Why are people more sad as the years go by? Sadness is associated with loss. The best way to understand it is to see it exemplified in mourning: the most painful loss, loss of a loved one to death, as it results in the deepest sadness.
The first experience of loss we experience is the loss of attachment: the primary caregiver, usually the mother, is not available to us as much as they used to be. This first experience of loss results in a crude form of sadness, not nearly as refined as what an adult is capable of experiencing. Nevertheless it sets the pace for all future experiences.
We compensate for the loss. We find attachment in toys, in play, in other relationships; perhaps that very sibling that tore mommy away from us, perhaps daddy, or an elder sibling, or a maternal figure of an aunt or a teacher. Only to realize that those too aren’t available to us as much as we’d want for them to be nor are they able to satisfy the need in all its intensity.
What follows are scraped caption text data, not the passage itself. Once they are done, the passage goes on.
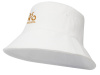 Панама Wicklow из переработанного материала - Белый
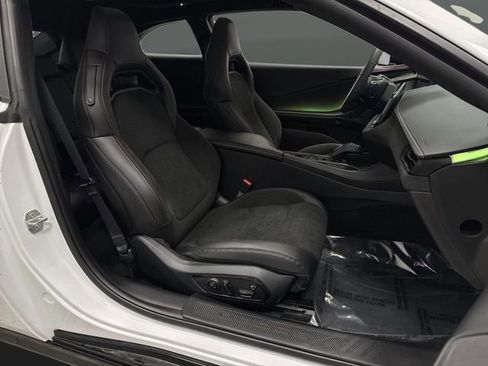 Used 2024 Dodge Charger R/T Scat Pack w/ Plus Group image 31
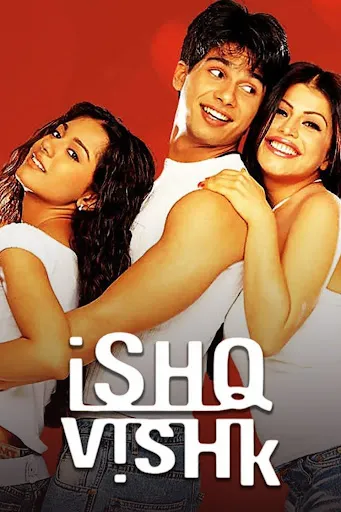 Ishq Vishk 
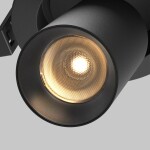 Фото 2 Встраиваемый светильник Technical C071CL-7W2.7K-B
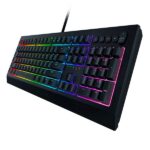 Razer Cynosa V2 Chroma Membrane Gaming Keyboard - Image 4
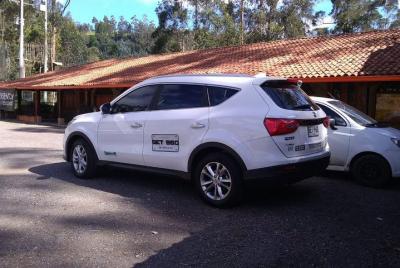 Medellín Transfer Privado desde o hacia Guatapé (Un trayecto)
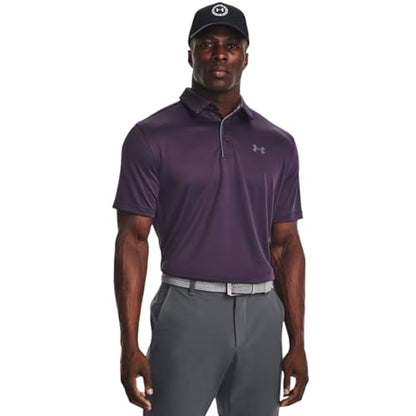 Under Armour Herre Poloshirt Tech Golf 1290140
We search for fulfillment in stories, in intellectual pursuits, in religious beliefs. These stories, these pursuits, these beliefs guide our choices. We mature, we find life to be meaningful, we realize that as painful as it may be life is meaningful.
Or at least this is how it used to be a couple of centuries ago.
Now? We are told the stories are fiction, religious myths aren’t to be trusted, and intellectual pursuits are only useful so far as they bring money. We earn money, we acquire means. But what those means are for, we have no idea. “We have means to live, but no meaning to live for” as Frankl said.
So now we are in a state of cultural mourning. We have lost tradition, religion, value for the intellect and all that gave us meaning. We have freedom to make more choices now than we ever did before and nothing to meaningfully guide those choices except our whims, desires, and the fashion of superficiality.
Why are people becoming more sad as the years go by? I’m surprised more of us are not as sad as we should be! The numbness is more surprising than the sadness. Those who are unable to cry at the death of a loved one are more vulnerable to a complicated and pathological grieving process. I wish we could develop a healthy sadness and realize what we’ve lost. The pain might just push us to do at least something meaningful to alleviate the condition.